Functional magnetic resonance imaging-integrated neuronavigation: correlation between lesion-to-motor cortex distance and outcome.

OBJECTIVE: The integration of functional magnetic resonance imaging (fMRI) data into neuronavigation is a new concept for surgery adjacent to the motor cortex. However, the clinical value remains to be defined. In this study, we investigated the correlation between the lesion-to-fMRI activation distance and the occurrence of a new postoperative deficit.

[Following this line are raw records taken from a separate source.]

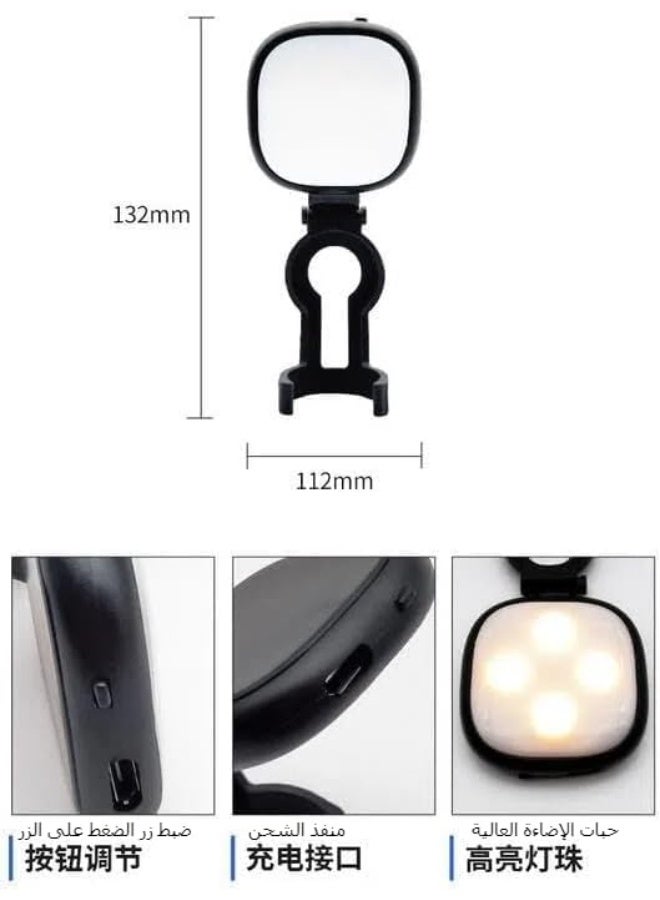 For DJI Pocket 3 Small Light, LED Video Auxiliary Lighting Filming 180 mAh Rechargeable for DJI OSMO Pocket 3 Small Auxiliary Light, with Type c Charging (Normal) - Image 5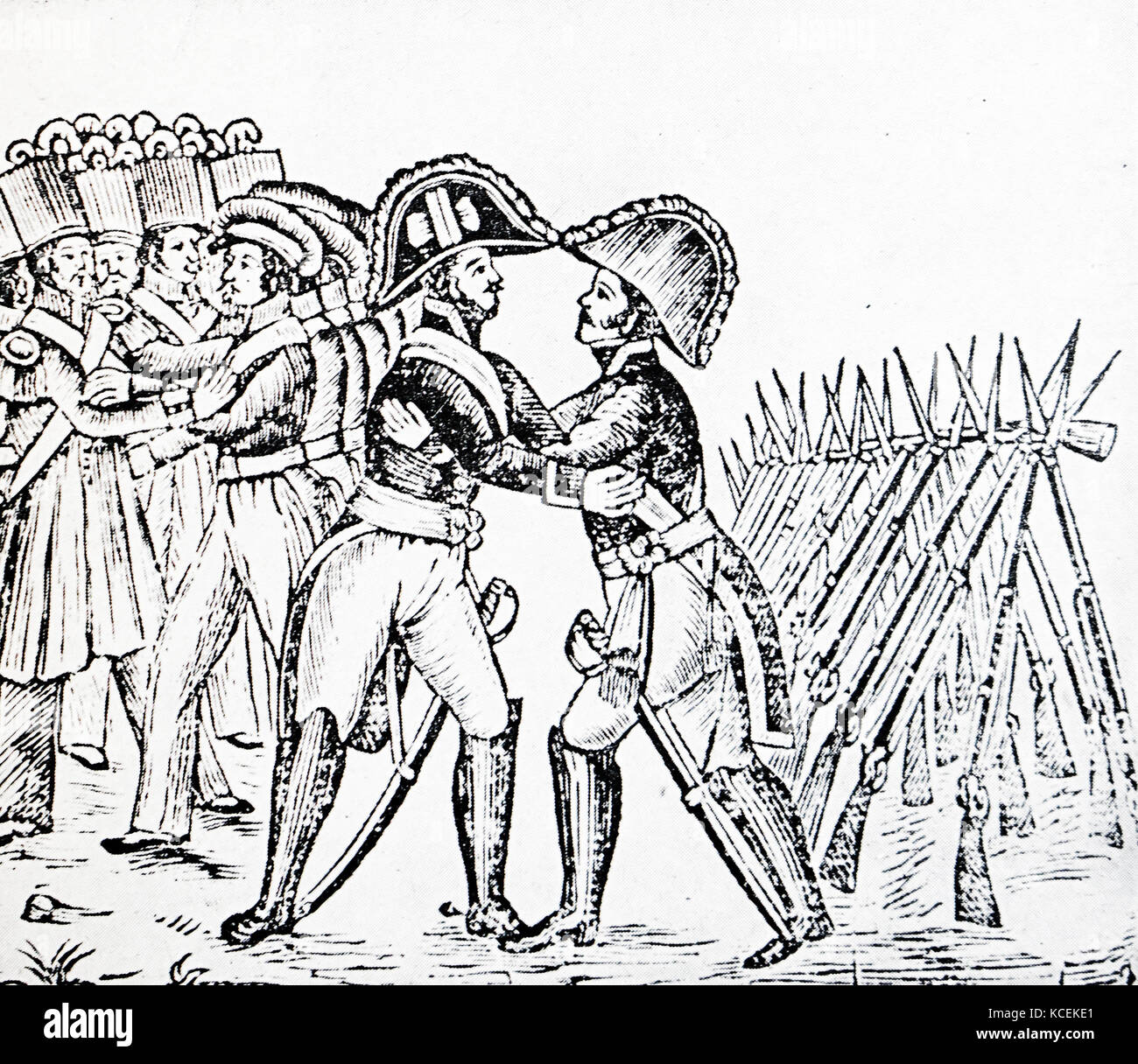 Incisione raffigurante l'abbraccio di Baldomero Espartero, principe di Vergara (1793-1879) e il generale Rafael Maroto (1783-1853). Datata del XIX secolo Foto Stock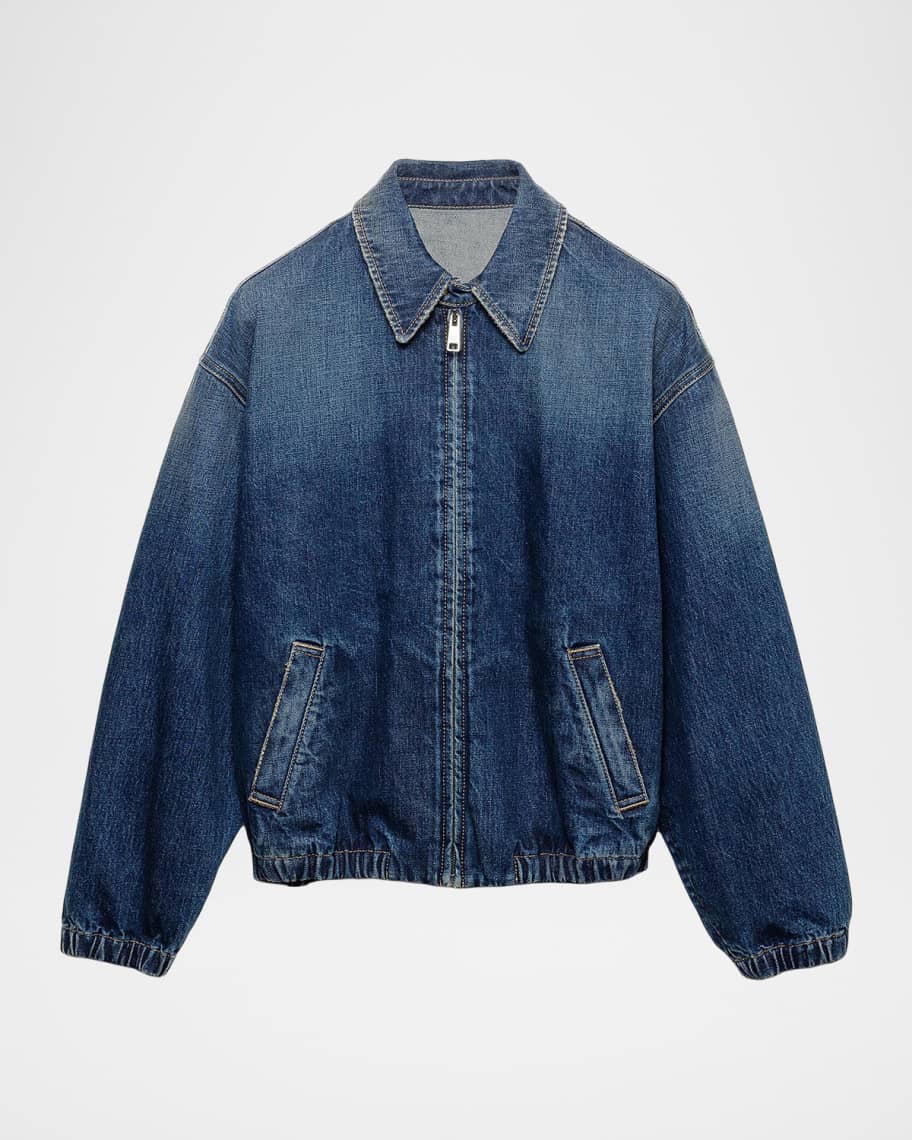 Prada Washed Denim Blouson Jacket | Neiman Marcus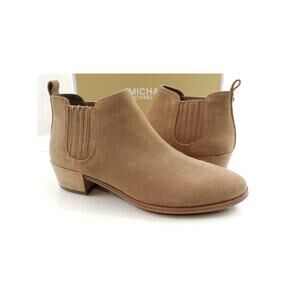 Michael Kors Shaw Flat Bootie Ankle Boots Suede Dark Khaki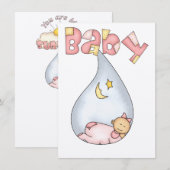 Baby shower Uitnodiging (Voorkant / Achterkant)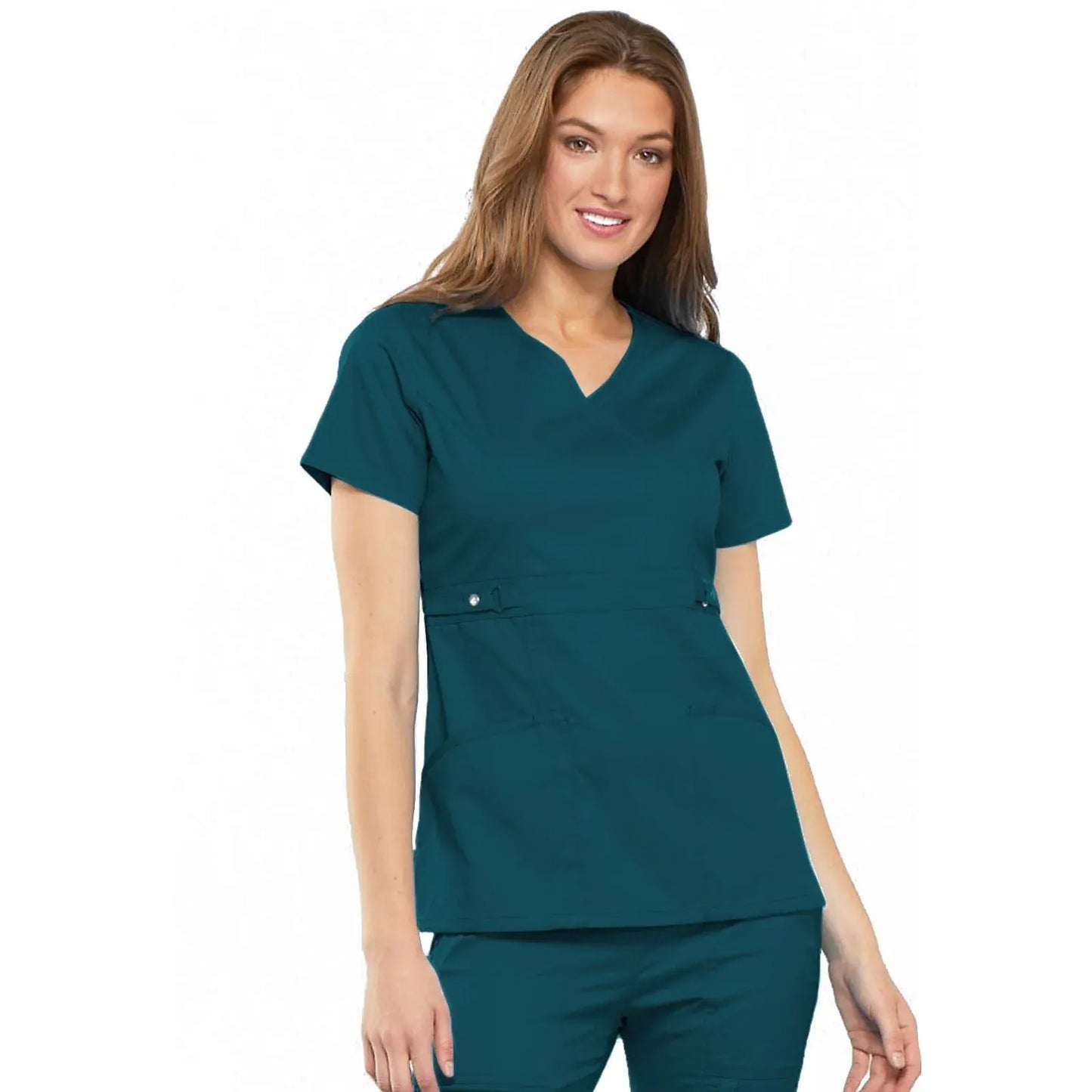 Cherokee Scrubs Top 2XL Cherokee Luxe 21701 Scrubs Top Womens Empire Waist Mock Wrap Caribbean Blue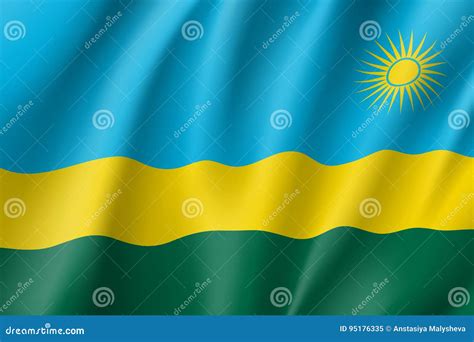 Vector National Flag of Rwanda. Stock Vector - Illustration of nation ...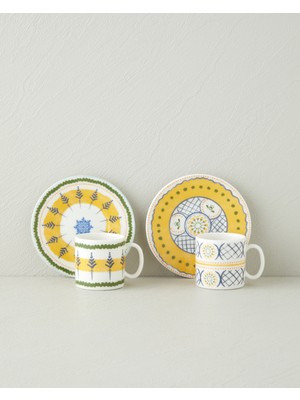 English Home Talavera Garden Bone Porselen 4 Parça 2 Kişilik Kahve Fincan Takımı 90 ml A. Mavi-Yeşil-Sarı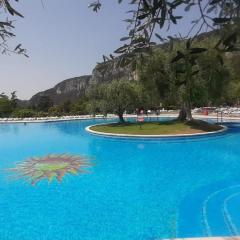 Garda lake and swimming pool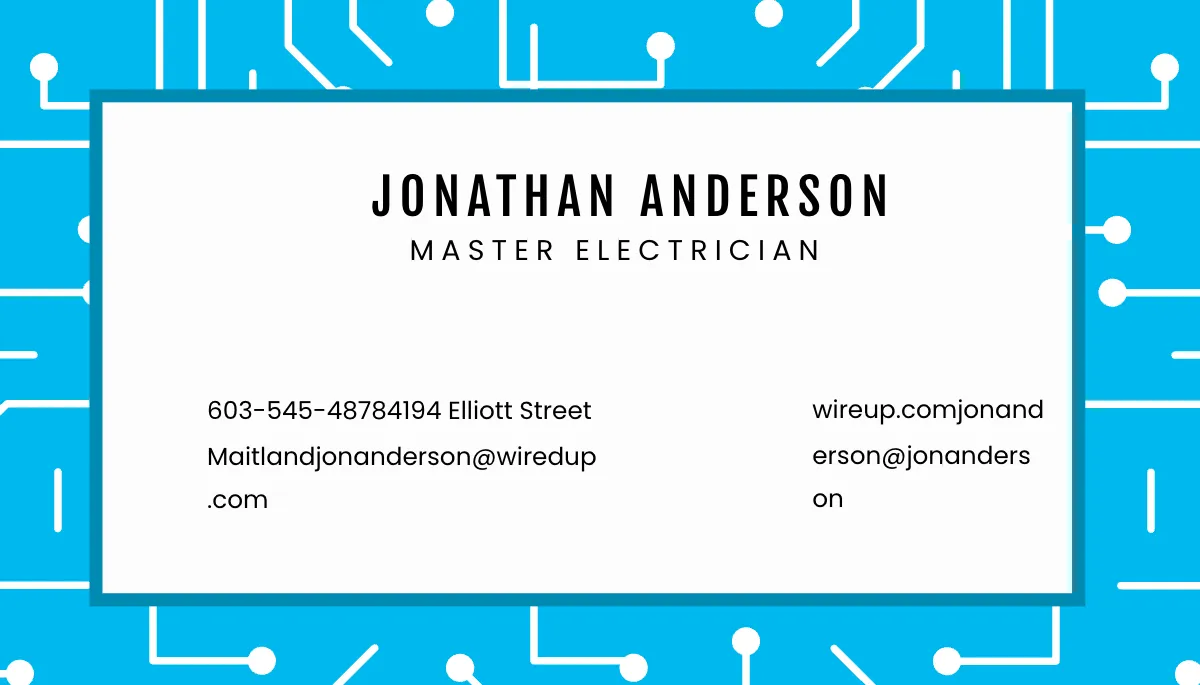 Free Electric Store Business Card Template to Edit Online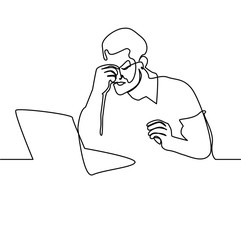 one line drawing man with laptop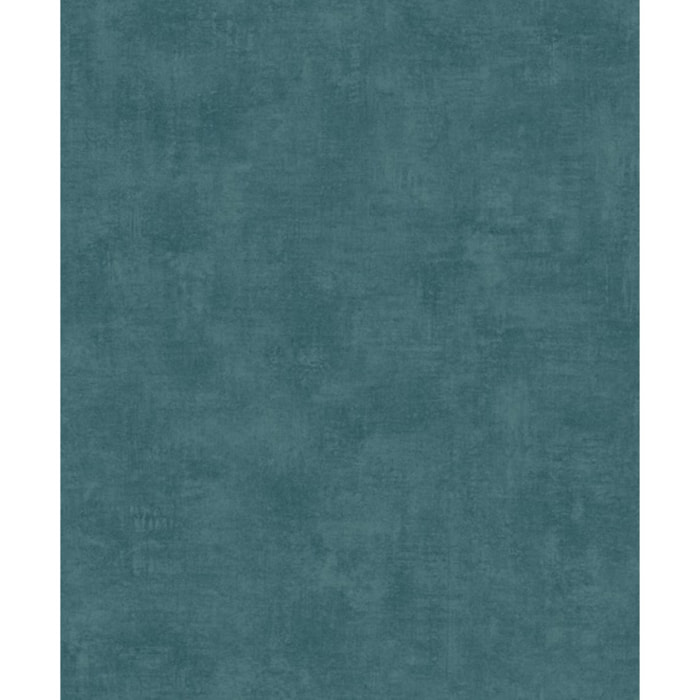 Papier peint uni effet toile lin bleu canard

METHODS: fMRI-integrated "functional" neuronavigation was used for surgery around the motor strip in 54 patients. During standardized paradigms for hand, foot, and tongue movements, echo-planar imaging T2* blood oxygen level-dependent sequences were acquired and processed with BrainVoyager 2000 software (Brain Innovation, Maastricht, The Netherlands). Neuronavigation was performed with the VectorVision(2) system (BrainLAB, Heimstetten, Germany). For outcome analysis, patient age, histological findings, size of lesion, distance to the fMRI areas, preoperative and postoperative Karnofsky index, postoperative motor deficit, and type of resection were analyzed.

RESULTS: In 45 patients, a gross total resection (>95%) was performed, and for 9 lesions (low-grade glioma, 4; glioblastoma, 5), a subtotal resection (80-95%) was achieved. The neurological outcome improved in 16 patients (29.6%), was unchanged in 29 patients (53.7%), and deteriorated in 9 patients (16.7%). Significant predictors of a new neurological deficit were a lesion-to-activation distance of less than 5 mm (P < 0.01) and incomplete resection (P < 0.05).

CONCLUSION: fMRI-integrated neuronavigation is a useful concept to assess the risk of a new motor deficit after surgery. Our data suggest that a lesion-to-activation distance of less than 5 mm is associated with a higher risk of neurological deterioration. Within a 10-mm range, cortical stimulation should be performed. For a lesion-to-activation distance of more than 10 mm, a complete resection can be achieved safely. The visualization of fiber tracks is desirable to complete the representation of the motor system.